Work task |
Your answer is the line containing "新时代的中国农村公路发展(图5)" plus every line after it through the end of the records, printed exactly and free of pictures.

Recorded information |
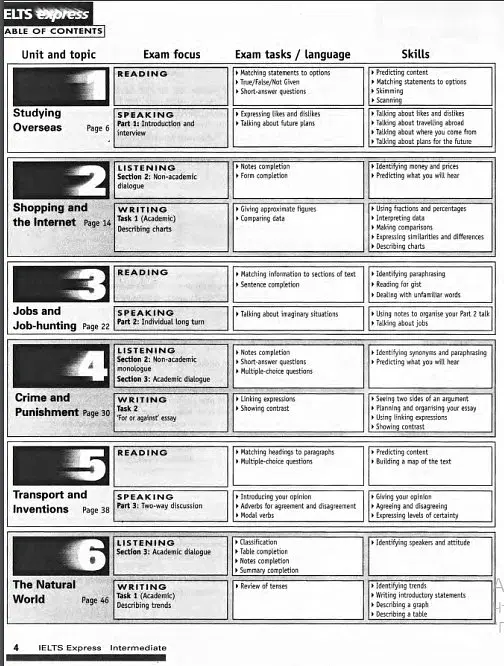 IELTS Express. Intermediate. Workbook with Audio CD - фото 2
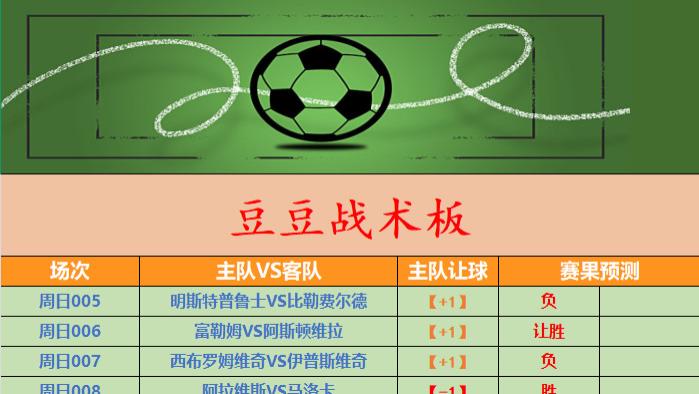 【4月25日竞彩足球二串推荐】巴伦西亚主场踢法保守，马竞主场迎战能否复仇？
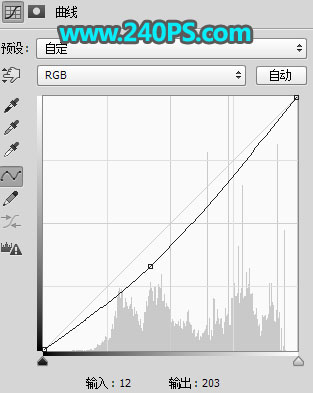 Photoshop合成蛋殼中的創意海上冒險場景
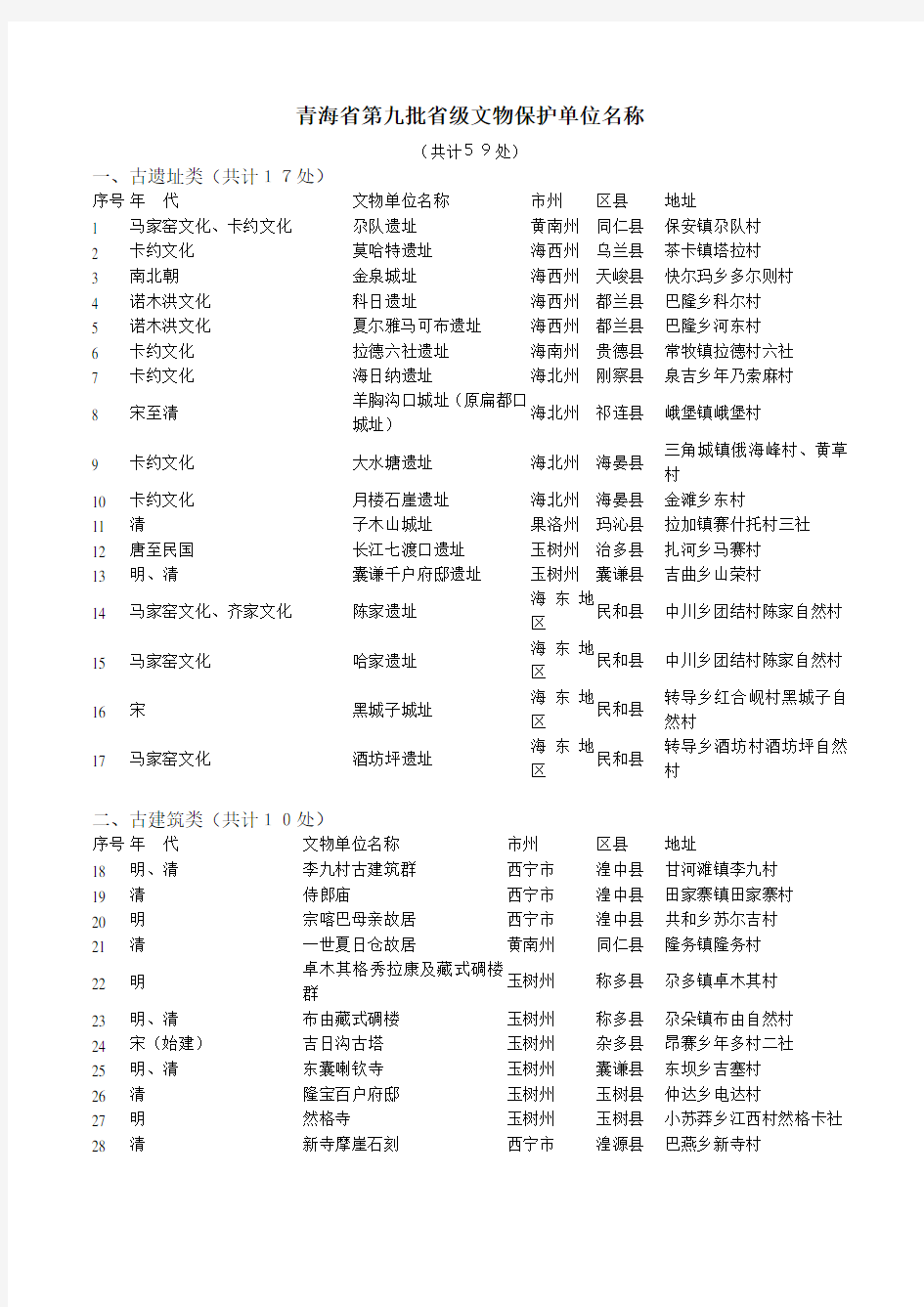 青海省第9批省级文物保护单位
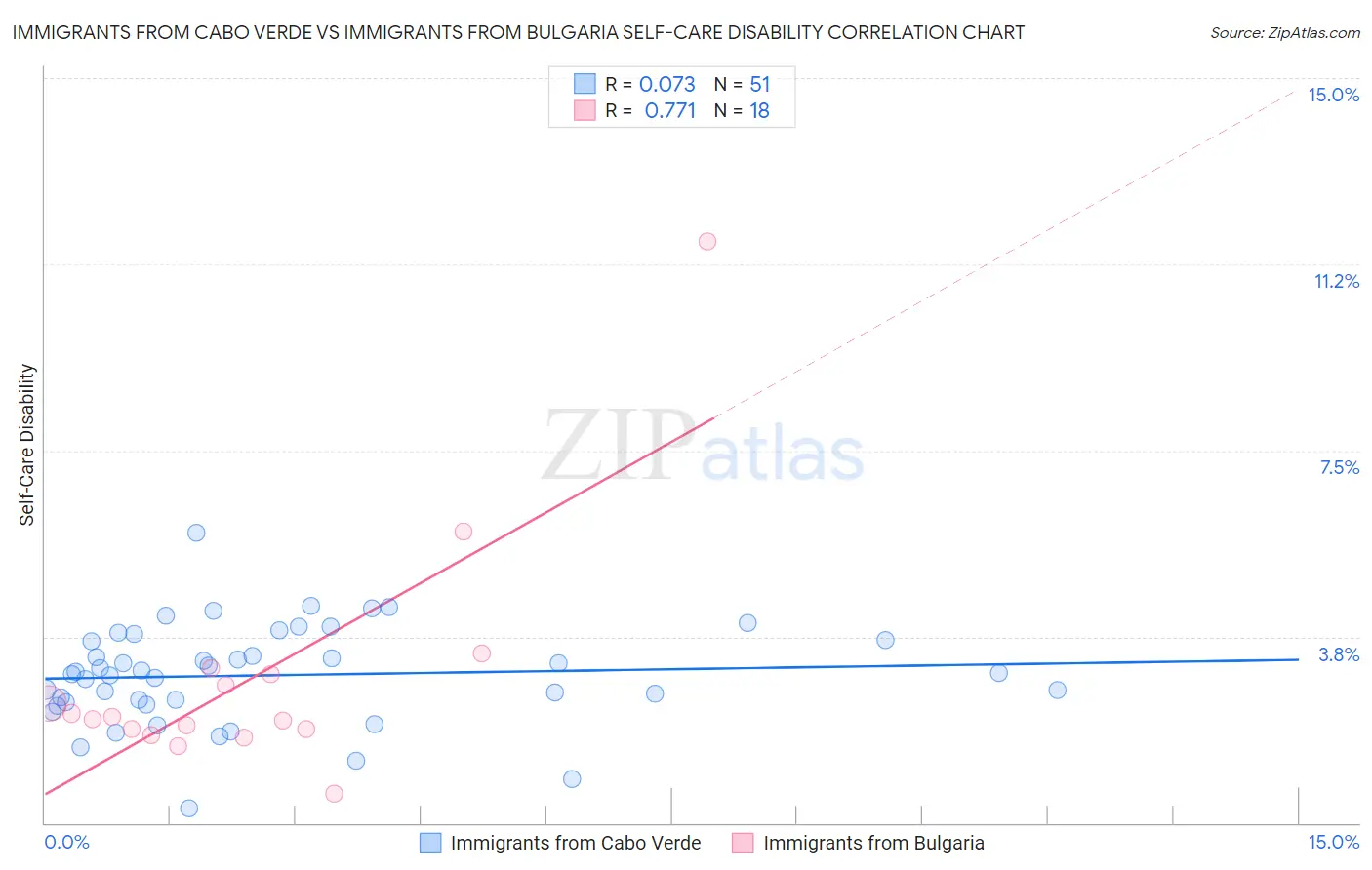 Immigrants from Cabo Verde vs Immigrants from Bulgaria Self-Care Disability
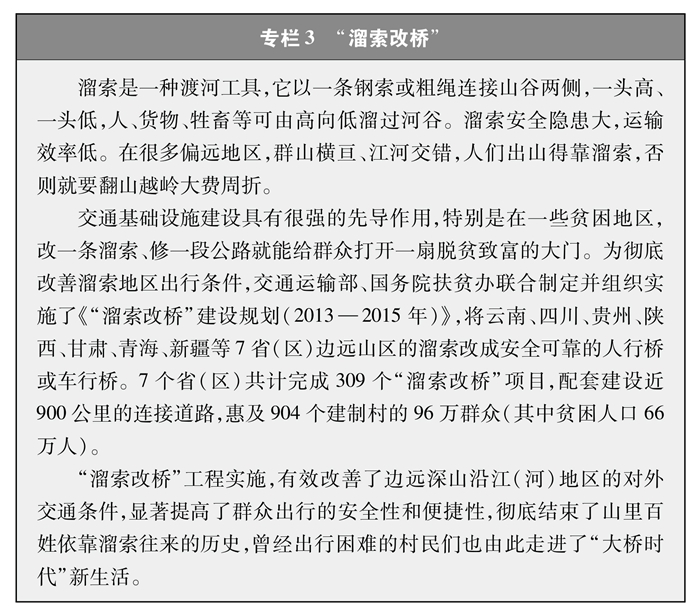 新时代的中国农村公路发展(图5)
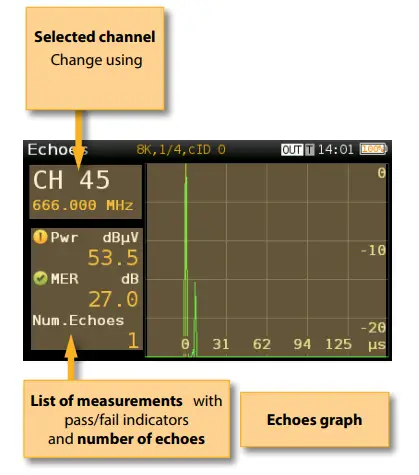 Televes-593100-Series-CATV-Meter-Analyzer-with-Remote-Control-FIG-44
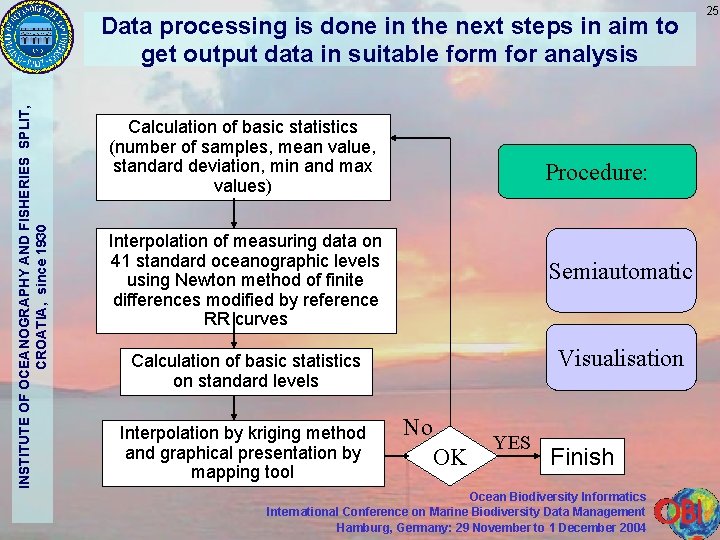 INSTITUTE OF OCEANOGRAPHY AND FISHERIES SPLIT, CROATIA, since 1930 Data processing is done in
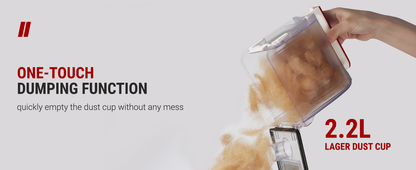 Kit Toelettatura Multifunzione con Aspirapolvere per Cani e Gatti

Solution to this problem |
 新时代的中国农村公路发展(图5)
 Televes-593100-Series-CATV-Meter-Analyzer-with-Remote-Control-FIG-44
 INSTITUTE OF OCEANOGRAPHY AND FISHERIES SPLIT, CROATIA, since 1930 Data processing is done in
 Kit Toelettatura Multifunzione con Aspirapolvere per Cani e Gatti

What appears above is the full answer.